Karaismailoğlu, mobil çekirdek şebekelerde ve işletmecilerin ara irtibat noktalarında, bu altyapının afet durumlarında aktif tasarrufuna yönelik mimari optimizasyona ve kapasite artırımına ait çalışmalar yapıldığını anlatarak, “Operatörlerin internet tabanlı iletileşme ve sesli görüşme pratiklerinin fiyatsız tasarrufuna ait çalışmaları da sürüyor. Bu çalışmalar da Bakanlığımız ve BTK tarafından takip edilmeye devam ediyor. Tekrar bu kapsamda geçtiğimiz mayıs ayı ahir da GSM şirketlerinin üst seviye başkanları ile kıymetli bir içtima gerçekleştirdik” dedi.
Yeni tip corona virüs (Covid-19) salgını müddetince muhabere altyapısı kapasite tasarruf orantılarının arttığını lisana getiren Karaismailoğlu, kelamlarını şöyle sürdürdü:
“Salgın sürecinde 7’den 77’ye halkımız interneti kullandı. Mektepliler internet vasıtasıyla eğitimlerine devam etti. 65 yaş üstü vatandaşlarımız sevdikleriyle internet üzerinden hasret giderdi. Konuttan çalışma sisteminde çalışanlar online olarak işlerini yaptı. Bu nedenle bölüm temsilcileriyle bir araya gelerek yeni sıradanlaşma sürecinde orta ve uzun vadede dalın gereksinim ve öncelikleriyle ilgili ayrıntılı bir yol haritası çıkardık. Operatörler arası ortak çalışma ve şebekeler üstü hizmet konusunda iş birliği imkanlarının artırılmasını da kararlaştırdık. Öte yandan, içtimada Türkiye’deki bilgi-iletişim dalının yeni devirdeki strateji ve planlarını da ayrıntılı formda masaya yatırdık.”
“COVID-19 SALGININA KARŞI TÜM ÖNLEMLERIN ALINDIĞI BELGELİYORUZ”
Bakan Karaismailoğlu, salgın nedeniyle seferlerine ara verilen Yüksek Süratli Tren ve hava yolu uçuşlarını da gerekli sıhhat önlemlerini alarak başlattıklarını anımsatarak, “Özellikle de hava yolunda, gerek yabancı ziyaretçilerin memleketimize gelmesinde kıymetli bir ulaşım aracı olması, gerekse de global ticareti canlandırması açısından kritik adımlar attık” dedi.

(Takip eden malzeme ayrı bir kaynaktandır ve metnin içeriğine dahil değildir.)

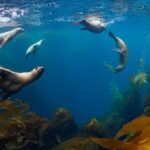 Nové dohody chrání vysoké moře a jeho biodiverzitu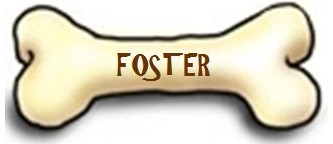 Become a Foster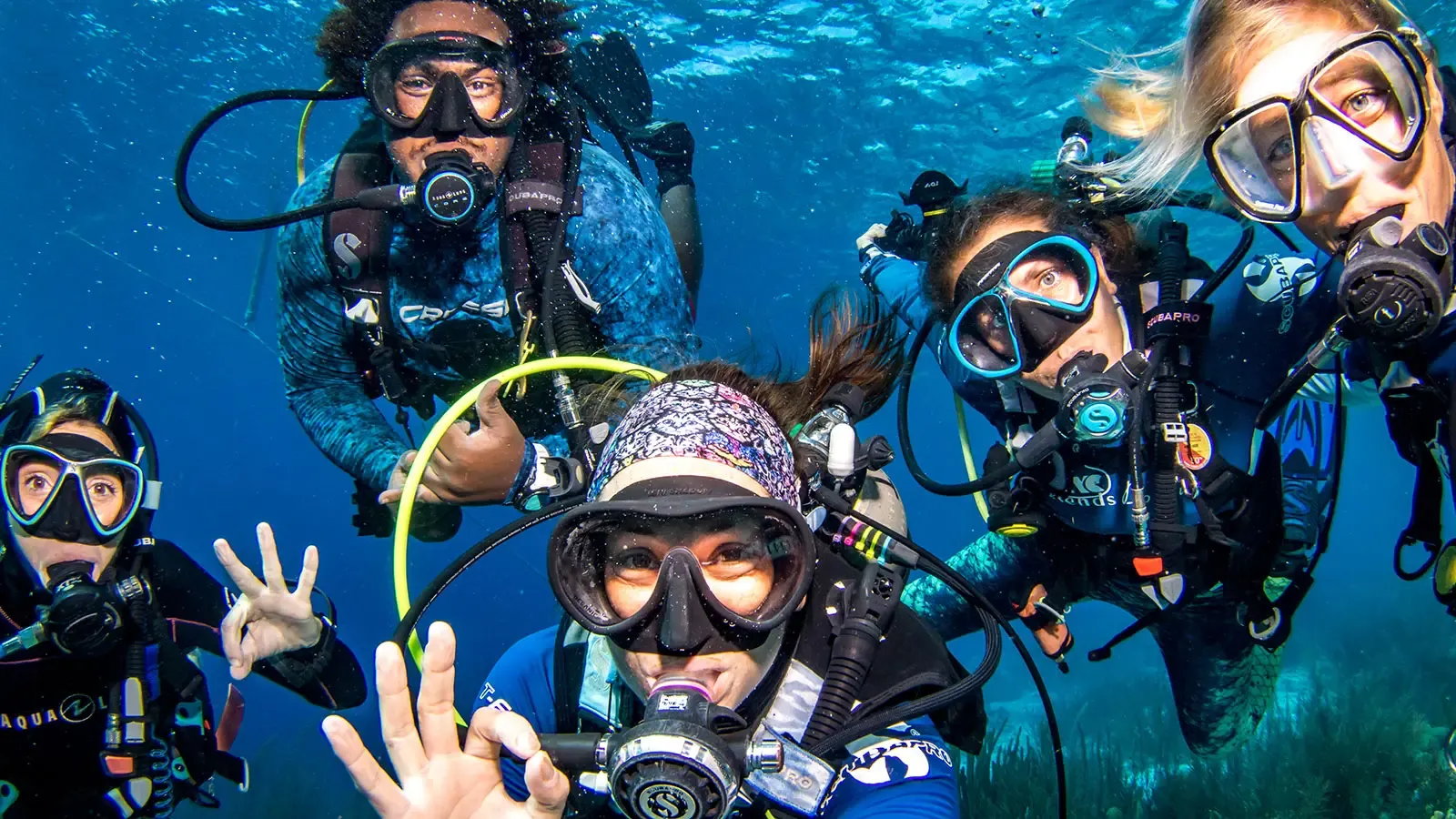 Dive-Friends Kralendijk Bonaire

Salgının yayılmasında taşıdığı risklerden ötürü, hava yolu tasarrufunda kimi çekincelerin ortaya çıktığını belirten Karaismailoğlu, kelamlarını şöyle tamamladı:
“Biz de ‘Havalimanı Salgın Sertifikası’ devrini başlattık. Şu anda 53 havalimanımız salgına karşı tedbirlerini aldı ve inançlı bir halde vatandaşımıza hizmet vermeye başladı. Çok önemli önlemlere ve sıkı bir teftiş sürecine sahibiz. Hava yolunu kullanan yolcuları, yolculuk sürecinin başlangıç noktasından varış noktasına kadar titizlikle takip ediyor ve aldığımız tüm önlemleri harfiyen uyguluyoruz. Birinci olarak artık konuttan çıktığımız andan itibaren hayatımızın her ortamında kesinlikle mekan etmesi gereken maske takma mecburiliği devam edecek ve toplumsal ara kurallarına, izolasyona ve hijyene her daim dikkat edilecek. Salgın sertifikasını alan havalimanlarımızı ve yaptığımız çalışmaları, salgından etkilenen sair memleketlerle de paylaşarak havalimanlarımızda ve uçaklarımızda Covid-19 salgınına karşı tüm önlemlerin alındığı belgeliyoruz. Memleketimizin inançla uçulabilecek bir memleket olduğunu herkesin bilmesini hedefliyoruz. Bilhassa Avrupa Birliği memleketleri başta olmak üzere birçok devlet, Türkiye’nin salgınla savaşındaki muvaffakiyetten ve salgını denetim altına alma suratından haberdar ve yerküre umumunda ismimizden övgüyle laf ediliyor. Bu durumun ve hava yolu taşımacılığında almış olduğumuz önlemlerin oluşturduğu itimat ortamının, turizm bölümümüze de çok büyük ekleri olacağını düşünüyorum.”